Although the differences between a normal grey adult female and an adult male cockatiel are very obvious, it can be difficult to know how to sex your cockatiel if they are very young and have not yet molted into their adult plumage.
It is also very difficult to know how to sex your cockatiel if it is a mutation.
If you want to breed and are uncertain, you can try pairing two cockatiels together with perfect breeding conditions surrounding them. If they fail to breed then it is usually obvious that you have paired two of the same sex together.
Luckily cockatiels are peace-loving birds, so you can house two cockatiels of the same sex together with no problems.
How To Sex Your Cockatiel
There are voice and behavioral differences between the cockatiel sexes but you will need some time and attention to notice these.
Let us look at the visual differences.
With the ‘normal’ cockatiel, the adult male won’t be difficult at all to distinguish. He will have a bright yellow head and bright pink cheeks, as you can see in the picture on the left.
If you look at the males primary wing feathers and his tail feathers, he will have no yellow marks. The feathers will be completely dark grey or black.
Adult female cockatiels will have grey heads with very little yellow and dull red cheeks.
Both sexes when immature will have a chain of yellow blotches on the primary feathers and a broad reticular network of yellow in the tail.
The male will only lose the yellow after his first molt, and unfortunately, some cockatiels don’t molt until they are nine months old. This is the reason I have often bought the wrong sex of cockatiel from the pet shop.
Birds hatched in spring and summer normally molt much sooner than birds hatched in autumn or winter.
The pattern differences in the feathers between the sexes depend on how much testosterone is circulating in the blood of the male cockatiel. If there is little or no testosterone, then the male will look much like the young females.
Fortunately, there are ways on how to sex your cockatiel before the first molt if you are not in a rush.
Once the chicks are about three months old and out of the nest, they are mature. They can be caught and a single flight feather is pulled from the wing. An outer tail feather may also be needed. Normaly the fourth primary feather from the tip of the left wing and the outer left tail feather is taken and kept.
Before pulling, the feathers must be examined to make certain that the quill is fully hardened. If the quill is hard enough the feathers needed are given a short, sharp tug and they will come out easily. A month later the same cockatiel is caught again and the wings and tail feathers are re examined.
Except in the case of a Lutino, the fourth primary and the lateral tail feather will have been replaced by a much darker feather than the other feathers of the body. If it is a male then yellow spots will be lacking on these feathers. With a female, they will be present. The loss of spots applies equally to the Lutino.

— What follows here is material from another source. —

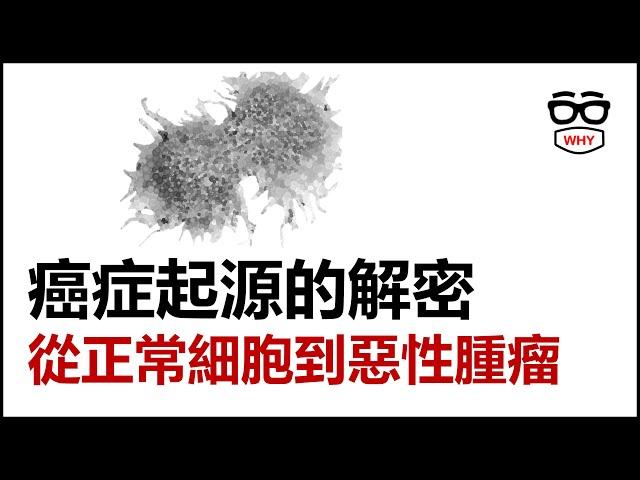 癌症起源的解密：從正常細胞到惡性腫瘤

However, this method won’t be 100 percent accurate if the chicks are stunted with malnutrition or if they have been ill. Also if they have been reared in winter this test could also prove unreliable.

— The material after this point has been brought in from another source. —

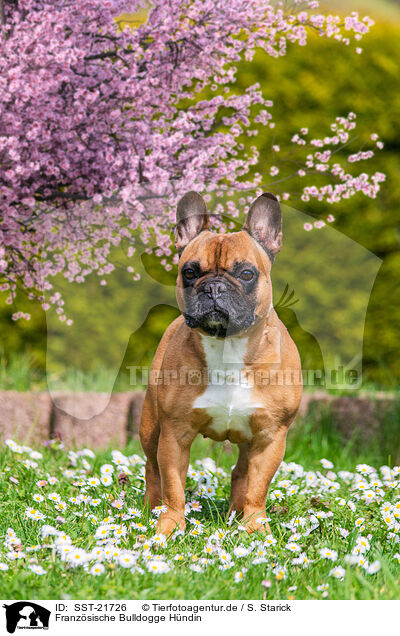 Franz�sische Bulldogge H�ndin / female French Bulldog / SST-21726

If doubt still exists, the next adjacent feather should be plucked out at this time. In another month when the replacement for this one has grown the characteristics that are shown should be 100 percent reliable.

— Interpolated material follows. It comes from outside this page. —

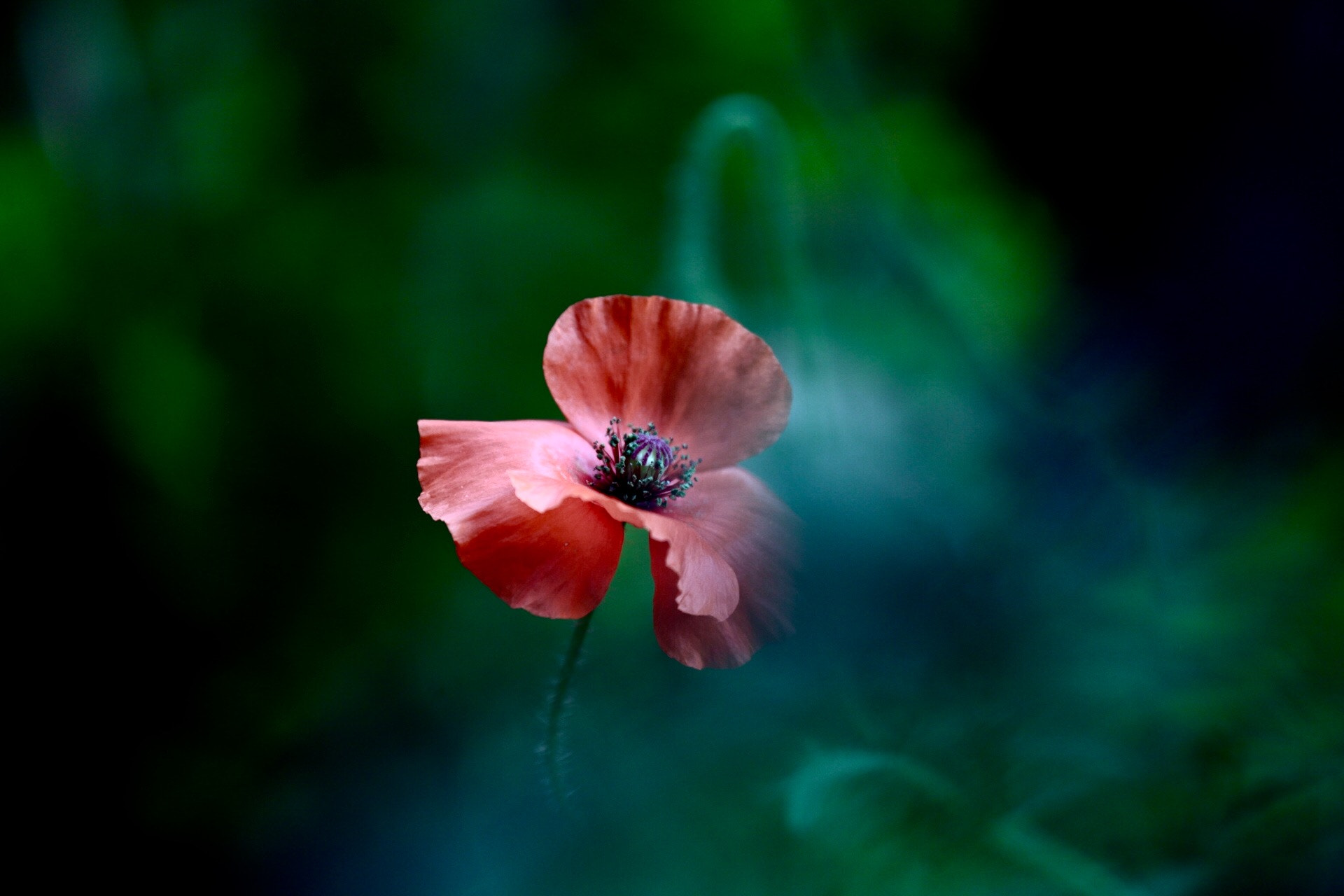 Canon EF 70-200mm F4L IS USM sample photo. Poppy photography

What About A Pied Cockatiel?
With the pied cockatiel, this method of sexing isn’t always possible because their feathers usually lack the black pigments. A careful examination of even the most well-marked pied should show that there are still a few normal grey primaries or some naturally colored tail feathers.
Even if there is only one of either this should be enough to sex the bird. In rare cases, you would not be able to find these sexing feathers, so then it would be difficult to sex them.
The only absolute method that will leave no doubts whatsoever as to the sex of the chick, even before it is mature, is to use as a male parent as a sex-linked color mutation.
A cinnamon, lutino or laced male pared to a hen of any color other than that of the male will always give hen chicks that are the same color as the father while the male chicks are of normal grey appearance.
For example, a Lutino male male mated to either a normal, pied, cinamon, laced, or red-eyed silver hen will have Lutino daughters and sons that are normally colored.
A bright light can also be shone through a partially incubated egg and the males will have a black eye, whereas the females will have a pink one that cannot be differentiated from the rest of the tissue.
If the male and female are split for other colors how to sex your cockatiel becomes complicated once again.